多くの顧客先で私の仕事内容が大変過ぎるという事実を理解していただいていたので、競合他社よりも店頭にならべる商品数を増やしてもらえたり、何があってもスピード対応を行ってきたことで感謝されることも増えていました。
実際に感謝のお手紙やプレゼントをしてくれる顧客先もあり、今でも良い思い出になっています。
・謎のタイムカードと退職をしたきっかけ
大きな企業だったことでタイムカードの数もかなりありましたが、入社当初から別に区分けされた謎のタイムカードがあることを疑問に感じていました。

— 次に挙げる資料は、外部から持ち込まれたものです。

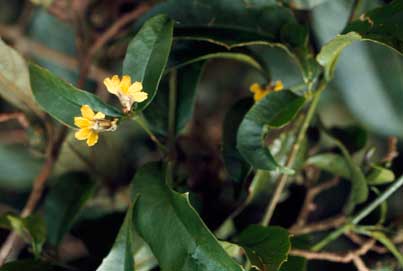 APII jpeg image of Scaevola enantophylla  © contact APII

勤務から2年が過ぎようとしていた時に、先輩社員にこのタイムカードの件を聞いたところ、実は過労死でお亡くなりになった社員の配偶者のタイムカードでした。
かなりの恐怖を感じると共に、他の営業社員も私同様に160時間の残業を強いられているのに、不満を言う社員がゼロだったことにも驚きました。
私が退職を決めたきっかけは、うつ病と睡眠障害です。
4年目に入ると23時過ぎに自宅に帰って食事や風呂を済ませて寝ようとしても、朝まで一睡もできない状態が続き、実質上1週間の睡眠時間は4時間程度でした。
同時に食欲が無くなり体重が10キロ落ちた時点で精神病院に行った背景があります。
最初は睡眠障害が問題だと思ってましたが、診断の結果、うつ病と判断され限界に達したことが退職の理由です。
尚、年月が経過している現在でもうつ病と睡眠障害は完治しておらず、通院を余儀なくされています。